Supplied information below:

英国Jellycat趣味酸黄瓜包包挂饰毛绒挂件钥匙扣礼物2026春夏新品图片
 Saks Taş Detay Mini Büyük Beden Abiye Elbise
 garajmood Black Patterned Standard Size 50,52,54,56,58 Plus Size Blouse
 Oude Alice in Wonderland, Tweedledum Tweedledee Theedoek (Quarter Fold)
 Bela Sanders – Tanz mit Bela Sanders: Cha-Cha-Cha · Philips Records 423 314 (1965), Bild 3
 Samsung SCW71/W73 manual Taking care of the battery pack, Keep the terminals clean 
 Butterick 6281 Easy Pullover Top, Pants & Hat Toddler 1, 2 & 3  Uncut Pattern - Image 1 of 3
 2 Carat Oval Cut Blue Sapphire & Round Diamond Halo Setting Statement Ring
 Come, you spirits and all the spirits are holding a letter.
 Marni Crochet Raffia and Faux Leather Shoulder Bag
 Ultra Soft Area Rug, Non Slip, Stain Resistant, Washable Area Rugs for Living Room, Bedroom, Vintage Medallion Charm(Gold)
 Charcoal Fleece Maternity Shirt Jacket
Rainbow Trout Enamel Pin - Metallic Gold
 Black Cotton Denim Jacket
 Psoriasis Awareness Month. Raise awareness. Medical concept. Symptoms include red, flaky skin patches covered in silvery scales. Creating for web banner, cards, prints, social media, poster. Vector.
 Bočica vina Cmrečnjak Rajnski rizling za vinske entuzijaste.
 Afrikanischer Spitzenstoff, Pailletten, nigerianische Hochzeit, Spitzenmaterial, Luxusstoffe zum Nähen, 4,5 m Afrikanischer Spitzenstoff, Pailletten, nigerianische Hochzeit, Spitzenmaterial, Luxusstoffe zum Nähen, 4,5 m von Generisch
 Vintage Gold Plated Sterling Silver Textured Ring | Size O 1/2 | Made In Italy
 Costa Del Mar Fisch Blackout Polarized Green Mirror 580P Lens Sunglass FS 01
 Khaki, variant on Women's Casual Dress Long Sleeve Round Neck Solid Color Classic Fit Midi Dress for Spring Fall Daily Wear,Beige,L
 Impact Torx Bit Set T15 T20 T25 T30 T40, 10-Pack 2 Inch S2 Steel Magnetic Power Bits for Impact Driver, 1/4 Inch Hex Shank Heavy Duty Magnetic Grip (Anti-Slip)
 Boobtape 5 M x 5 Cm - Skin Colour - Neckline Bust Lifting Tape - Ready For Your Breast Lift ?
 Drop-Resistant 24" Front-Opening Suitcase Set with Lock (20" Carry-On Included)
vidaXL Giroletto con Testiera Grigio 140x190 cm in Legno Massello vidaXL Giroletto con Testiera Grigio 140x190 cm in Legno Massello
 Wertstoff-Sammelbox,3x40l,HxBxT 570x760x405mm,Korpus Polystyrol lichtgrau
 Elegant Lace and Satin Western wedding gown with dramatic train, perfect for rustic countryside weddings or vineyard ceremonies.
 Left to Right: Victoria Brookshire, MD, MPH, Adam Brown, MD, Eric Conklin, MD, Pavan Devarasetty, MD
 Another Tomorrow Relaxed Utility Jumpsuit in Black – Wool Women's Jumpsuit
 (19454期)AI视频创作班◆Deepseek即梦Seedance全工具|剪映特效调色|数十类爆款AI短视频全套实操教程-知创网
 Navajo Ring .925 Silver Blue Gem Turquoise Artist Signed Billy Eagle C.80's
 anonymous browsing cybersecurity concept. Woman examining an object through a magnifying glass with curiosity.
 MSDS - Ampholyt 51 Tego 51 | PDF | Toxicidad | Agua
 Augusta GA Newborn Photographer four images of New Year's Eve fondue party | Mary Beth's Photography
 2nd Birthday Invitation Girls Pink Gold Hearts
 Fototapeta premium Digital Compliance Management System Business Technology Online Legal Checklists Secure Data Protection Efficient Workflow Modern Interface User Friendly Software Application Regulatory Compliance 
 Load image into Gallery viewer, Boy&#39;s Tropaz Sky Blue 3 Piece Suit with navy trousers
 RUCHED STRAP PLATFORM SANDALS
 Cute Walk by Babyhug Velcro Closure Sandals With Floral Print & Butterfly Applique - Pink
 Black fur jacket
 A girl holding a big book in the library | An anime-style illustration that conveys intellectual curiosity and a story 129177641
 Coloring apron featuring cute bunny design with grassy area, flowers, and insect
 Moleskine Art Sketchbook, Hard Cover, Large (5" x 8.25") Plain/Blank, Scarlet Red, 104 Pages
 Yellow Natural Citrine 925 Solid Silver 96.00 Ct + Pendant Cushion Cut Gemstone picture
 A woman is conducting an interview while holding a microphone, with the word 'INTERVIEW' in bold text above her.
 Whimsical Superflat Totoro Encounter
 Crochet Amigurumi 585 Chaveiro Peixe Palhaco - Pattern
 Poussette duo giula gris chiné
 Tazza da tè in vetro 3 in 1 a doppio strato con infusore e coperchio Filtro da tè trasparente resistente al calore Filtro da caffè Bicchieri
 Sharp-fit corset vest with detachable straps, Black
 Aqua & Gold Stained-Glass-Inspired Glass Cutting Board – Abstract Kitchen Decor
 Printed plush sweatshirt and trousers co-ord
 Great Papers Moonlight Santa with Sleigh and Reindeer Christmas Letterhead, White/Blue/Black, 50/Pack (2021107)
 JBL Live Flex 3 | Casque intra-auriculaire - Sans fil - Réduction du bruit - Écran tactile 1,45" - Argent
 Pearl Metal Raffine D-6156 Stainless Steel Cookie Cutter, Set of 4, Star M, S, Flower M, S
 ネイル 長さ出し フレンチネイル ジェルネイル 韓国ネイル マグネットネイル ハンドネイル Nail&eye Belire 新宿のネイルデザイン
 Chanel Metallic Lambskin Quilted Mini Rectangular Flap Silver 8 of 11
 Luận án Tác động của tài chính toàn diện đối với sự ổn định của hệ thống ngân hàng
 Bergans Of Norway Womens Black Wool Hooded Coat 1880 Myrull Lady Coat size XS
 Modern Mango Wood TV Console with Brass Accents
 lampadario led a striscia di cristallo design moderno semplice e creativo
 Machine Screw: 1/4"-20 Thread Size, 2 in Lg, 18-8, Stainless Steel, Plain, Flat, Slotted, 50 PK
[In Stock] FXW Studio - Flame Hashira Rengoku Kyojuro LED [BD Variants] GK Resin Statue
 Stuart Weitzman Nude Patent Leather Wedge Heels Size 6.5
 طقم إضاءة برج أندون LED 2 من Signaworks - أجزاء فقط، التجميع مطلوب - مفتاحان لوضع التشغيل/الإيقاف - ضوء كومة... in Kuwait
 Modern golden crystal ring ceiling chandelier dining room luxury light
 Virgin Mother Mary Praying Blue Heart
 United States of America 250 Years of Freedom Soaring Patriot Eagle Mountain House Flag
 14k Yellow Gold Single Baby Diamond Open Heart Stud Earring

End of Supplied information.

All the data needs repeating. Return it exactly.

Exercise answer
英国Jellycat趣味酸黄瓜包包挂饰毛绒挂件钥匙扣礼物2026春夏新品图片
 Saks Taş Detay Mini Büyük Beden Abiye Elbise
 garajmood Black Patterned Standard Size 50,52,54,56,58 Plus Size Blouse
 Oude Alice in Wonderland, Tweedledum Tweedledee Theedoek (Quarter Fold)
 Bela Sanders – Tanz mit Bela Sanders: Cha-Cha-Cha · Philips Records 423 314 (1965), Bild 3
 Samsung SCW71/W73 manual Taking care of the battery pack, Keep the terminals clean 
 Butterick 6281 Easy Pullover Top, Pants & Hat Toddler 1, 2 & 3  Uncut Pattern - Image 1 of 3
 2 Carat Oval Cut Blue Sapphire & Round Diamond Halo Setting Statement Ring
 Come, you spirits and all the spirits are holding a letter.
 Marni Crochet Raffia and Faux Leather Shoulder Bag
 Ultra Soft Area Rug, Non Slip, Stain Resistant, Washable Area Rugs for Living Room, Bedroom, Vintage Medallion Charm(Gold)
 Charcoal Fleece Maternity Shirt Jacket
Rainbow Trout Enamel Pin - Metallic Gold
 Black Cotton Denim Jacket
 Psoriasis Awareness Month. Raise awareness. Medical concept. Symptoms include red, flaky skin patches covered in silvery scales. Creating for web banner, cards, prints, social media, poster. Vector.
 Bočica vina Cmrečnjak Rajnski rizling za vinske entuzijaste.
 Afrikanischer Spitzenstoff, Pailletten, nigerianische Hochzeit, Spitzenmaterial, Luxusstoffe zum Nähen, 4,5 m Afrikanischer Spitzenstoff, Pailletten, nigerianische Hochzeit, Spitzenmaterial, Luxusstoffe zum Nähen, 4,5 m von Generisch
 Vintage Gold Plated Sterling Silver Textured Ring | Size O 1/2 | Made In Italy
 Costa Del Mar Fisch Blackout Polarized Green Mirror 580P Lens Sunglass FS 01
 Khaki, variant on Women's Casual Dress Long Sleeve Round Neck Solid Color Classic Fit Midi Dress for Spring Fall Daily Wear,Beige,L
 Impact Torx Bit Set T15 T20 T25 T30 T40, 10-Pack 2 Inch S2 Steel Magnetic Power Bits for Impact Driver, 1/4 Inch Hex Shank Heavy Duty Magnetic Grip (Anti-Slip)
 Boobtape 5 M x 5 Cm - Skin Colour - Neckline Bust Lifting Tape - Ready For Your Breast Lift ?
 Drop-Resistant 24" Front-Opening Suitcase Set with Lock (20" Carry-On Included)
vidaXL Giroletto con Testiera Grigio 140x190 cm in Legno Massello vidaXL Giroletto con Testiera Grigio 140x190 cm in Legno Massello
 Wertstoff-Sammelbox,3x40l,HxBxT 570x760x405mm,Korpus Polystyrol lichtgrau
 Elegant Lace and Satin Western wedding gown with dramatic train, perfect for rustic countryside weddings or vineyard ceremonies.
 Left to Right: Victoria Brookshire, MD, MPH, Adam Brown, MD, Eric Conklin, MD, Pavan Devarasetty, MD
 Another Tomorrow Relaxed Utility Jumpsuit in Black – Wool Women's Jumpsuit
 (19454期)AI视频创作班◆Deepseek即梦Seedance全工具|剪映特效调色|数十类爆款AI短视频全套实操教程-知创网
 Navajo Ring .925 Silver Blue Gem Turquoise Artist Signed Billy Eagle C.80's
 anonymous browsing cybersecurity concept. Woman examining an object through a magnifying glass with curiosity.
 MSDS - Ampholyt 51 Tego 51 | PDF | Toxicidad | Agua
 Augusta GA Newborn Photographer four images of New Year's Eve fondue party | Mary Beth's Photography
 2nd Birthday Invitation Girls Pink Gold Hearts
 Fototapeta premium Digital Compliance Management System Business Technology Online Legal Checklists Secure Data Protection Efficient Workflow Modern Interface User Friendly Software Application Regulatory Compliance 
 Load image into Gallery viewer, Boy&#39;s Tropaz Sky Blue 3 Piece Suit with navy trousers
 RUCHED STRAP PLATFORM SANDALS
 Cute Walk by Babyhug Velcro Closure Sandals With Floral Print & Butterfly Applique - Pink
 Black fur jacket
 A girl holding a big book in the library | An anime-style illustration that conveys intellectual curiosity and a story 129177641
 Coloring apron featuring cute bunny design with grassy area, flowers, and insect
 Moleskine Art Sketchbook, Hard Cover, Large (5" x 8.25") Plain/Blank, Scarlet Red, 104 Pages
 Yellow Natural Citrine 925 Solid Silver 96.00 Ct + Pendant Cushion Cut Gemstone picture
 A woman is conducting an interview while holding a microphone, with the word 'INTERVIEW' in bold text above her.
 Whimsical Superflat Totoro Encounter
 Crochet Amigurumi 585 Chaveiro Peixe Palhaco - Pattern
 Poussette duo giula gris chiné
 Tazza da tè in vetro 3 in 1 a doppio strato con infusore e coperchio Filtro da tè trasparente resistente al calore Filtro da caffè Bicchieri
 Sharp-fit corset vest with detachable straps, Black
 Aqua & Gold Stained-Glass-Inspired Glass Cutting Board – Abstract Kitchen Decor
 Printed plush sweatshirt and trousers co-ord
 Great Papers Moonlight Santa with Sleigh and Reindeer Christmas Letterhead, White/Blue/Black, 50/Pack (2021107)
 JBL Live Flex 3 | Casque intra-auriculaire - Sans fil - Réduction du bruit - Écran tactile 1,45" - Argent
 Pearl Metal Raffine D-6156 Stainless Steel Cookie Cutter, Set of 4, Star M, S, Flower M, S
 ネイル 長さ出し フレンチネイル ジェルネイル 韓国ネイル マグネットネイル ハンドネイル Nail&eye Belire 新宿のネイルデザイン
 Chanel Metallic Lambskin Quilted Mini Rectangular Flap Silver 8 of 11
 Luận án Tác động của tài chính toàn diện đối với sự ổn định của hệ thống ngân hàng
 Bergans Of Norway Womens Black Wool Hooded Coat 1880 Myrull Lady Coat size XS
 Modern Mango Wood TV Console with Brass Accents
 lampadario led a striscia di cristallo design moderno semplice e creativo
 Machine Screw: 1/4"-20 Thread Size, 2 in Lg, 18-8, Stainless Steel, Plain, Flat, Slotted, 50 PK
[In Stock] FXW Studio - Flame Hashira Rengoku Kyojuro LED [BD Variants] GK Resin Statue
 Stuart Weitzman Nude Patent Leather Wedge Heels Size 6.5
 طقم إضاءة برج أندون LED 2 من Signaworks - أجزاء فقط، التجميع مطلوب - مفتاحان لوضع التشغيل/الإيقاف - ضوء كومة... in Kuwait
 Modern golden crystal ring ceiling chandelier dining room luxury light
 Virgin Mother Mary Praying Blue Heart
 United States of America 250 Years of Freedom Soaring Patriot Eagle Mountain House Flag
 14k Yellow Gold Single Baby Diamond Open Heart Stud Earring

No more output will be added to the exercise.